ASELSAN ile tüm bu şirketlerin ve teknolojik ekosistemin de büyüdüğünü kaydeden Akyol, konuşmasını şöyle tamamladı:
"Aslında bu da bizim için bir gurur. Bahsetmek istediğim son konu. Biliyorsunuz değişim bir gerçek. Her yerde değişimi görüyoruz. Şirketimizin yeni gelişmelere ayak uydurması için yeni bir dönüşüm programını hayata geçirdik. Programın adı ASELSAN Next. Programın 5 sac ayağı var: Yetenek, hız, teknoloji üretimi, seri üretim ve işletme yani yeni teknolojiler, yeni iş zihniyeti, yeni ürünler, bu bağlamda geliştirmek istiyoruz.
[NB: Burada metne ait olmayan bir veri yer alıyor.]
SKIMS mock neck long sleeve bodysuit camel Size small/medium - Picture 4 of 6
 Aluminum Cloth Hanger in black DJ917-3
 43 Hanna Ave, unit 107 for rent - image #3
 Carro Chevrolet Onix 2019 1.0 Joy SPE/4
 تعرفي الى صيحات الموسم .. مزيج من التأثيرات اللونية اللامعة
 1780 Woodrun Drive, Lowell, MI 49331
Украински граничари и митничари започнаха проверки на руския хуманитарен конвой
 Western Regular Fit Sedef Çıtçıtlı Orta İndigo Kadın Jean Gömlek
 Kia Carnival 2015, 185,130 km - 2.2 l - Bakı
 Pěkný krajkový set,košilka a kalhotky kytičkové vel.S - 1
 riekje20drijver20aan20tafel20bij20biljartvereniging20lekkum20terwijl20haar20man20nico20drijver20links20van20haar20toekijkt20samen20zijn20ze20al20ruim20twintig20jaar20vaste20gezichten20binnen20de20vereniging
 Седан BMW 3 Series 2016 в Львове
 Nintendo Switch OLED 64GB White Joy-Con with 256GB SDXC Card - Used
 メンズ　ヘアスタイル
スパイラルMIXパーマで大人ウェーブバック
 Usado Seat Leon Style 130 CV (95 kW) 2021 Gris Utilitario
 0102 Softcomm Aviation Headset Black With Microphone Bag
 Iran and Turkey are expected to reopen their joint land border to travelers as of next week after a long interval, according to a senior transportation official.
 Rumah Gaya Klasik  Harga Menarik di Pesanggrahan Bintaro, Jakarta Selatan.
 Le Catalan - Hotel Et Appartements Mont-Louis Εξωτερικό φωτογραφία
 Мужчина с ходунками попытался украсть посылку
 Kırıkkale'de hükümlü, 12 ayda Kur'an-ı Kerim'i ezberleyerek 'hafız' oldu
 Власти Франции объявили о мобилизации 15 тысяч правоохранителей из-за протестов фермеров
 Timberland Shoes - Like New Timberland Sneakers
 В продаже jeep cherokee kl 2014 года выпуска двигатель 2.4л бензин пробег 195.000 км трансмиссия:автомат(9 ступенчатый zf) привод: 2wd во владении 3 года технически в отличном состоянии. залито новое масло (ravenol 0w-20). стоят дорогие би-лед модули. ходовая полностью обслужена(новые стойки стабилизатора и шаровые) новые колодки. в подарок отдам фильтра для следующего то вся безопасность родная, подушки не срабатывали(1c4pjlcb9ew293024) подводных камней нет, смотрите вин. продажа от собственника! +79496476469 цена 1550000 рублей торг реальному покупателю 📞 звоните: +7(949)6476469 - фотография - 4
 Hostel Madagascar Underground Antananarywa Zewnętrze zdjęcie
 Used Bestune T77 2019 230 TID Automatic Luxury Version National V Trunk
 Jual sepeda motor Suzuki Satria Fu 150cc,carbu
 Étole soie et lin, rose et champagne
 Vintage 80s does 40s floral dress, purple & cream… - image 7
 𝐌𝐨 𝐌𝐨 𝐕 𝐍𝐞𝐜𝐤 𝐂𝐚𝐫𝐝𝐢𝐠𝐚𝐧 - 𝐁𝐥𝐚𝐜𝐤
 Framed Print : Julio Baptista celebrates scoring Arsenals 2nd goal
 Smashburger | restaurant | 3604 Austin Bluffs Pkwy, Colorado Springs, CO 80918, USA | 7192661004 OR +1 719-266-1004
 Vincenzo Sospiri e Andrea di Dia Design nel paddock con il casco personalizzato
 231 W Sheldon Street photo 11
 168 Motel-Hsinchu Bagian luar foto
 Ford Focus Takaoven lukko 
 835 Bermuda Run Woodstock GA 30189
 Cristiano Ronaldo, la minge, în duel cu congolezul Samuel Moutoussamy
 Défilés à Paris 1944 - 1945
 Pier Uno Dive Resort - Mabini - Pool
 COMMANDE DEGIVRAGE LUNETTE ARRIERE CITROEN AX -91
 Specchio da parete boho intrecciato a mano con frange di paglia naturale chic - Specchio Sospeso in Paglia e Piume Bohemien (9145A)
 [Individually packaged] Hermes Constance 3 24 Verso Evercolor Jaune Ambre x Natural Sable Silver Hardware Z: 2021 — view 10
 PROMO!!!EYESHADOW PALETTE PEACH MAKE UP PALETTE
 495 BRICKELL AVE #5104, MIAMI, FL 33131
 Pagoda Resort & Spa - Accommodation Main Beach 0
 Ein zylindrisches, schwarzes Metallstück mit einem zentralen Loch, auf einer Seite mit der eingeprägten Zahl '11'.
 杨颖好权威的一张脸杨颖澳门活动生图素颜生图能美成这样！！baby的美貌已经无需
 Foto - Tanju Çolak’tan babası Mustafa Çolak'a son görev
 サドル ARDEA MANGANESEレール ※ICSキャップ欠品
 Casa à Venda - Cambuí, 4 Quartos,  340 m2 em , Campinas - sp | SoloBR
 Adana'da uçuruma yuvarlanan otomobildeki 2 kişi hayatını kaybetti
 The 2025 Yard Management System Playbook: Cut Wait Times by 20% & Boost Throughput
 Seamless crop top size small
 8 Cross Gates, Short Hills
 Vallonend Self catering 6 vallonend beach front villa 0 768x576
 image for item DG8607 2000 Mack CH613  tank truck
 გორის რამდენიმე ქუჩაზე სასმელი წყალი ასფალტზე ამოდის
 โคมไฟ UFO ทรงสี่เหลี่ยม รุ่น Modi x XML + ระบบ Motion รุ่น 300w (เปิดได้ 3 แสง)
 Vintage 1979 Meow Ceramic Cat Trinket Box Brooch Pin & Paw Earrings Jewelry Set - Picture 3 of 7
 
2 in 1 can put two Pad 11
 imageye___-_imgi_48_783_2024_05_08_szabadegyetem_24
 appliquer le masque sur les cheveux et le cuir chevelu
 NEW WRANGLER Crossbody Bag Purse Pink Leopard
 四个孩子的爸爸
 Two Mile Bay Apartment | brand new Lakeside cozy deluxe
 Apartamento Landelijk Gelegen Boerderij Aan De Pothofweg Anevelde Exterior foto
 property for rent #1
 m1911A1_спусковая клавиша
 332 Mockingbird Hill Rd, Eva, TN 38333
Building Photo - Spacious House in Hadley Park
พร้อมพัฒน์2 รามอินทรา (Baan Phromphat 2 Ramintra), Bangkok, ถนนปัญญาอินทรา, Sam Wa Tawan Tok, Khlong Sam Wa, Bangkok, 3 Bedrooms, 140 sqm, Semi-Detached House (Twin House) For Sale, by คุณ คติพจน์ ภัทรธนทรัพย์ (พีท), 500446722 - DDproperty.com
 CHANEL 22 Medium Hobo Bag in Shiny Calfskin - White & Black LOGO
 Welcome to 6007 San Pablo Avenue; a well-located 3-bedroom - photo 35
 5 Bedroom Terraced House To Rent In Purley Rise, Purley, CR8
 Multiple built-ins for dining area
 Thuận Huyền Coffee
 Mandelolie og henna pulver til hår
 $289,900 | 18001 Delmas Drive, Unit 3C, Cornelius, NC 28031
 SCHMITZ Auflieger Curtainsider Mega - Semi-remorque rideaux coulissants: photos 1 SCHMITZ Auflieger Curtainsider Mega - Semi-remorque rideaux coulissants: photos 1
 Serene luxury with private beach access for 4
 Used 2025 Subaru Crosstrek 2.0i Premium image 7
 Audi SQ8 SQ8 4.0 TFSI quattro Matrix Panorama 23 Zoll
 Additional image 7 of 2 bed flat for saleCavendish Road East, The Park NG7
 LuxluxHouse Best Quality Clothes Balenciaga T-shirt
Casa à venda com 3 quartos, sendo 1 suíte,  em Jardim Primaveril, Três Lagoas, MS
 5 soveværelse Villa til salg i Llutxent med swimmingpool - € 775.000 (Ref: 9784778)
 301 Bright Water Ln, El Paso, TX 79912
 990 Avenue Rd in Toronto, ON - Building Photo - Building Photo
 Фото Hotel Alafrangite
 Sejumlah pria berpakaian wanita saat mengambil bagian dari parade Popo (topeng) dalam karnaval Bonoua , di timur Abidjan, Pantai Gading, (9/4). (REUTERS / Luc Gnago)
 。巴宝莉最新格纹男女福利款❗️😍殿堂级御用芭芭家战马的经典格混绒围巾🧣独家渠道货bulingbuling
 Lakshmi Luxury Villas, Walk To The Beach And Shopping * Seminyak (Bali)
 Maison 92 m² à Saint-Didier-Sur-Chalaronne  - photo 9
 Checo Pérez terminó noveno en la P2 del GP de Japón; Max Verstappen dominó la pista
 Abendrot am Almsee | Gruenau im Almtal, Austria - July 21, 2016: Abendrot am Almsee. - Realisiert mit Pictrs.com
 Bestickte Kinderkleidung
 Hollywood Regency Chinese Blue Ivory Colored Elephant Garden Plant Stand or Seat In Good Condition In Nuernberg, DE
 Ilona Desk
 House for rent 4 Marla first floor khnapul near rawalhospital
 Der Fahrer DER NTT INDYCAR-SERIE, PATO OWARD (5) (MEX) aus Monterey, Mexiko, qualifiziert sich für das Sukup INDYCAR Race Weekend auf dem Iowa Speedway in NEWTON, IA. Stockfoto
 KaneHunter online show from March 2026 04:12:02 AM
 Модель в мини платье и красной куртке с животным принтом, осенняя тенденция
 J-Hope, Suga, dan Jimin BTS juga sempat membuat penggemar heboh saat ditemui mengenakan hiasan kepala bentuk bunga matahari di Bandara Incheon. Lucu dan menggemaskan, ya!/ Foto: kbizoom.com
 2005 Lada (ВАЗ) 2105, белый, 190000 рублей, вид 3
ASELSAN Next, artık bizim temel stratejimiz. Hangi alanlarda çalışmayı hedefliyoruz? Alanının en iyisi olmak istiyoruz. Oyun değiştiren teknolojiler üretmek istiyoruz ve uluslararası işbirlikleri üzerinden ihracata yönelik bir şekilde büyümek istiyoruz ve bu yılki hedefimiz de 2030'a kadar dünyadaki en büyük 30 savunma şirketinden biri olmak. Biz inanıyoruz ki bir program sayesinde tüm startuplar, ekosistemimizdeki tüm şirketler büyümeye devam edecek. Ekosistemle daha fazla işbirliği yapacağız ve bu alanlarda yeni gelişmelere tanıklık edeceğiz."